CNET guessed Redwood. Or Shasta. Mammoth even. Wrong again. Golden Gate was a curveball. Nobody saw it coming.

Under the glass

Liquid Glass is still here. Good riddance some might say but this time the changes are subtle. Tighter corners on windows. Faster animations. Apple says it feels snappier. Search got rebuilt. Spotlight. Photos. Mail. You find things faster now.

Then there’s Siri.

It’s not just an assistant anymore. It sees your screen. Visual Intelligence feeds it context. It can act in apps. You can “Ask Siri” right from Spotlight. There’s a standalone app for it too. Talk to Siri on Mac, then pick up the thread on iPad. It’s all connected.

One catch.

English only to start. Languages later. Typical.

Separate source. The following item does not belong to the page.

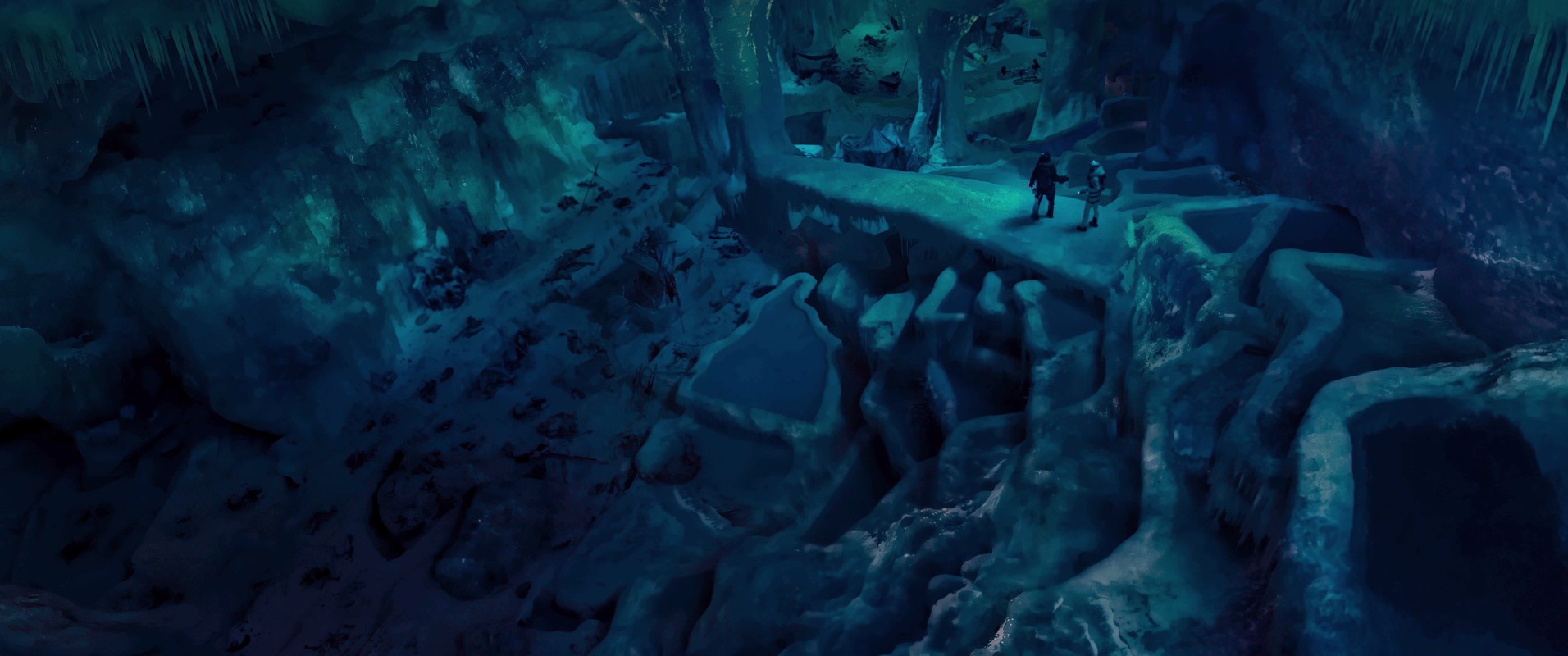 Kung Fu Yoga (2017) —  shot,  lighting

Control your chaos with the new transparency slider. Find your sweet spot.

The design isn’t changing drastically but the tools do. A slider for Liquid Glass effects lets you tone down the see-through look if it gives you a headache. Toolbars are more uniform. Harder to miss labels. Sidebars now stretch to the window edge. Colors stay consistent. You know which window is active. App icons got some extra layers of glass too. Sharper. More defined.

Keep the kids out

MacBook Neo exists now. Cheap laptops for teenagers. Apple added safety rails for it.

“Ask to Browse” stops kids from wandering into bad spots online. They tap a new site the parent gets a text. Permission required. No sneaking off.

Communication Safety got bigger too. It used to just block nudity. Now it blocks violent images and videos too. In Messages. FaceTime. Everywhere.

Parents can set schedules. Hard limits on games or social media across app categories. A bit more control in the chaos of a kid’s day.

Touch?

Look at the bottom of the spec sheet.

It says “Swipe down to refresh.”

There’s an icon of a finger touching glass. Why mention a swipe gesture on a system designed for mice? Unless the hardware changes. Rumors say OLED touchscreens for the Pro lineup. Maybe sooner than next year. If Golden Gate adds iPhone-style refresh gestures maybe the touchscreen Mac is coming fast. Scott Stein’s dream might finally come true. Convergence.

Or maybe it’s nothing. Probably nothing.

The hardware cut-off

If you have an M1 chip or newer you’re in. Including that new MacBook Neo. Golden Gate loves Silicon.

Intel machines are out.

Not all of them. But many.

If your Intel Mac can still run Tahoe (macOS 26) these won’t make the jump to 27:
– 13-inch MacBook Pro from 2020
– 16-inch MacBook Pro from 2019
– 27-inch iMac from 2020
– Mac Pro from 2019

Don’t panic. Security updates last three more years on Intel. You aren’t unprotected today. But new features? Gone.

There is one final blow for the old guard.

Rosetta 2 support ends with this update. Not next year. Now. macOS Golden Gate is the last stop for x86 translation. If you still run old Intel apps you better compile new ones soon.

The developer beta is live. Public beta hits in July. September for everyone else.